§ Exercise requirements: Go through the listing below and return every line exactly.

===== Supplied entries

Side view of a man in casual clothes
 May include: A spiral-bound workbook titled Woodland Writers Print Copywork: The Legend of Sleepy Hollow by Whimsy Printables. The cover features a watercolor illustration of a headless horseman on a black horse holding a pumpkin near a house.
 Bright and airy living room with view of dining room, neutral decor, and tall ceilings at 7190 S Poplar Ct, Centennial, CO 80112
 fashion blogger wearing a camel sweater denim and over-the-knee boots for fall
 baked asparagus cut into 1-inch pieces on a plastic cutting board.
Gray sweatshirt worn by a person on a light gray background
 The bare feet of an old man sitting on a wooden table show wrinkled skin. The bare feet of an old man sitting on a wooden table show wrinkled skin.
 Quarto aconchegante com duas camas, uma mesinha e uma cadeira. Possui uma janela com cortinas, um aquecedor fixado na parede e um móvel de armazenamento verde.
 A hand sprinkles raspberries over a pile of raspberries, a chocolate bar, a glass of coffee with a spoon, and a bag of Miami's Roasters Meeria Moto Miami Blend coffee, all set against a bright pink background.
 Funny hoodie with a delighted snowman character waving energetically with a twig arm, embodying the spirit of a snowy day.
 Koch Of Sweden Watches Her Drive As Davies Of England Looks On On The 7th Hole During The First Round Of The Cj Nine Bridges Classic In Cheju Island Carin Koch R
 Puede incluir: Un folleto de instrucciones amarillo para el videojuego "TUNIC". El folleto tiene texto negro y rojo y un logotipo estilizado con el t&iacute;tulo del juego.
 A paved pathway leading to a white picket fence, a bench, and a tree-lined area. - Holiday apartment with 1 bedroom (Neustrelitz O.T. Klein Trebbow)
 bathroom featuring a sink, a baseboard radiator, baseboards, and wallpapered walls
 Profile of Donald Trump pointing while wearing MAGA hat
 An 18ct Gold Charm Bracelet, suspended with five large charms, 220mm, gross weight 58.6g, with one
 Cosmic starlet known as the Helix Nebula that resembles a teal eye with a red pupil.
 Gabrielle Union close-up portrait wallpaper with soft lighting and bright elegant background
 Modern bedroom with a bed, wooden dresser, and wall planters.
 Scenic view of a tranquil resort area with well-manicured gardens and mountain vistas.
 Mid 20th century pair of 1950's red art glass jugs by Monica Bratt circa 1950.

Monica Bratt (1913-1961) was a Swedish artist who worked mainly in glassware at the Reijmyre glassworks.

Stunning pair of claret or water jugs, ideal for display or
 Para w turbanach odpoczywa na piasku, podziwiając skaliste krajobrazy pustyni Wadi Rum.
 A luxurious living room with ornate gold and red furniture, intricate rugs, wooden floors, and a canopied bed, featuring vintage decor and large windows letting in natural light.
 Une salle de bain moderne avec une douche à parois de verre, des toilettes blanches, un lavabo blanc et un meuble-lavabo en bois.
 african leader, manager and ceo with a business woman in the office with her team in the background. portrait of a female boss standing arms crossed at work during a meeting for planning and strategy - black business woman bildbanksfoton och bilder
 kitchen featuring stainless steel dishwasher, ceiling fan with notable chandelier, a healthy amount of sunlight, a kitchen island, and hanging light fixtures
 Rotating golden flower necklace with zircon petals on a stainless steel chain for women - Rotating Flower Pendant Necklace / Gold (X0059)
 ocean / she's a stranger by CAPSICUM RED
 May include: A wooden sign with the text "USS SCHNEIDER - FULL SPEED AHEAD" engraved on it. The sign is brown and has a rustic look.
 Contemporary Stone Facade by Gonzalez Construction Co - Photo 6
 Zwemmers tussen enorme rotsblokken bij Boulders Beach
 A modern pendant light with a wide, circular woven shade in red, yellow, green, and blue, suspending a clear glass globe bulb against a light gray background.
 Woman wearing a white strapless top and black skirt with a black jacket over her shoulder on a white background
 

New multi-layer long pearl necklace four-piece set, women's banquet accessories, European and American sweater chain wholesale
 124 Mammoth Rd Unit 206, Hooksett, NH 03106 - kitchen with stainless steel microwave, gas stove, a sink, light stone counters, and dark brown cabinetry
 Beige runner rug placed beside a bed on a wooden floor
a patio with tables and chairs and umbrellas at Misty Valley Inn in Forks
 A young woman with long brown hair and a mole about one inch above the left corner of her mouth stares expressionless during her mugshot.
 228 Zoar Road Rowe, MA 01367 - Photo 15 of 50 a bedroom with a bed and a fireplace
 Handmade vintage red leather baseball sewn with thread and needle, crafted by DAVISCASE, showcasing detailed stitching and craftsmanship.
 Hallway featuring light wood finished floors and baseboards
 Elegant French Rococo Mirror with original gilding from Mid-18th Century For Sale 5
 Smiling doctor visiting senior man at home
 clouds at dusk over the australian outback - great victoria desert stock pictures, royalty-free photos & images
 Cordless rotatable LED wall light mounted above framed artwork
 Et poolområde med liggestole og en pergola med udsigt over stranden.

==========

§ Exercise response:
Side view of a man in casual clothes
 May include: A spiral-bound workbook titled Woodland Writers Print Copywork: The Legend of Sleepy Hollow by Whimsy Printables. The cover features a watercolor illustration of a headless horseman on a black horse holding a pumpkin near a house.
 Bright and airy living room with view of dining room, neutral decor, and tall ceilings at 7190 S Poplar Ct, Centennial, CO 80112
 fashion blogger wearing a camel sweater denim and over-the-knee boots for fall
 baked asparagus cut into 1-inch pieces on a plastic cutting board.
Gray sweatshirt worn by a person on a light gray background
 The bare feet of an old man sitting on a wooden table show wrinkled skin. The bare feet of an old man sitting on a wooden table show wrinkled skin.
 Quarto aconchegante com duas camas, uma mesinha e uma cadeira. Possui uma janela com cortinas, um aquecedor fixado na parede e um móvel de armazenamento verde.
 A hand sprinkles raspberries over a pile of raspberries, a chocolate bar, a glass of coffee with a spoon, and a bag of Miami's Roasters Meeria Moto Miami Blend coffee, all set against a bright pink background.
 Funny hoodie with a delighted snowman character waving energetically with a twig arm, embodying the spirit of a snowy day.
 Koch Of Sweden Watches Her Drive As Davies Of England Looks On On The 7th Hole During The First Round Of The Cj Nine Bridges Classic In Cheju Island Carin Koch R
 Puede incluir: Un folleto de instrucciones amarillo para el videojuego "TUNIC". El folleto tiene texto negro y rojo y un logotipo estilizado con el t&iacute;tulo del juego.
 A paved pathway leading to a white picket fence, a bench, and a tree-lined area. - Holiday apartment with 1 bedroom (Neustrelitz O.T. Klein Trebbow)
 bathroom featuring a sink, a baseboard radiator, baseboards, and wallpapered walls
 Profile of Donald Trump pointing while wearing MAGA hat
 An 18ct Gold Charm Bracelet, suspended with five large charms, 220mm, gross weight 58.6g, with one
 Cosmic starlet known as the Helix Nebula that resembles a teal eye with a red pupil.
 Gabrielle Union close-up portrait wallpaper with soft lighting and bright elegant background
 Modern bedroom with a bed, wooden dresser, and wall planters.
 Scenic view of a tranquil resort area with well-manicured gardens and mountain vistas.
 Mid 20th century pair of 1950's red art glass jugs by Monica Bratt circa 1950.

Monica Bratt (1913-1961) was a Swedish artist who worked mainly in glassware at the Reijmyre glassworks.

Stunning pair of claret or water jugs, ideal for display or
 Para w turbanach odpoczywa na piasku, podziwiając skaliste krajobrazy pustyni Wadi Rum.
 A luxurious living room with ornate gold and red furniture, intricate rugs, wooden floors, and a canopied bed, featuring vintage decor and large windows letting in natural light.
 Une salle de bain moderne avec une douche à parois de verre, des toilettes blanches, un lavabo blanc et un meuble-lavabo en bois.
 african leader, manager and ceo with a business woman in the office with her team in the background. portrait of a female boss standing arms crossed at work during a meeting for planning and strategy - black business woman bildbanksfoton och bilder
 kitchen featuring stainless steel dishwasher, ceiling fan with notable chandelier, a healthy amount of sunlight, a kitchen island, and hanging light fixtures
 Rotating golden flower necklace with zircon petals on a stainless steel chain for women - Rotating Flower Pendant Necklace / Gold (X0059)
 ocean / she's a stranger by CAPSICUM RED
 May include: A wooden sign with the text "USS SCHNEIDER - FULL SPEED AHEAD" engraved on it. The sign is brown and has a rustic look.
 Contemporary Stone Facade by Gonzalez Construction Co - Photo 6
 Zwemmers tussen enorme rotsblokken bij Boulders Beach
 A modern pendant light with a wide, circular woven shade in red, yellow, green, and blue, suspending a clear glass globe bulb against a light gray background.
 Woman wearing a white strapless top and black skirt with a black jacket over her shoulder on a white background
 

New multi-layer long pearl necklace four-piece set, women's banquet accessories, European and American sweater chain wholesale
 124 Mammoth Rd Unit 206, Hooksett, NH 03106 - kitchen with stainless steel microwave, gas stove, a sink, light stone counters, and dark brown cabinetry
 Beige runner rug placed beside a bed on a wooden floor
a patio with tables and chairs and umbrellas at Misty Valley Inn in Forks
 A young woman with long brown hair and a mole about one inch above the left corner of her mouth stares expressionless during her mugshot.
 228 Zoar Road Rowe, MA 01367 - Photo 15 of 50 a bedroom with a bed and a fireplace
 Handmade vintage red leather baseball sewn with thread and needle, crafted by DAVISCASE, showcasing detailed stitching and craftsmanship.
 Hallway featuring light wood finished floors and baseboards
 Elegant French Rococo Mirror with original gilding from Mid-18th Century For Sale 5
 Smiling doctor visiting senior man at home
 clouds at dusk over the australian outback - great victoria desert stock pictures, royalty-free photos & images
 Cordless rotatable LED wall light mounted above framed artwork
 Et poolområde med liggestole og en pergola med udsigt over stranden.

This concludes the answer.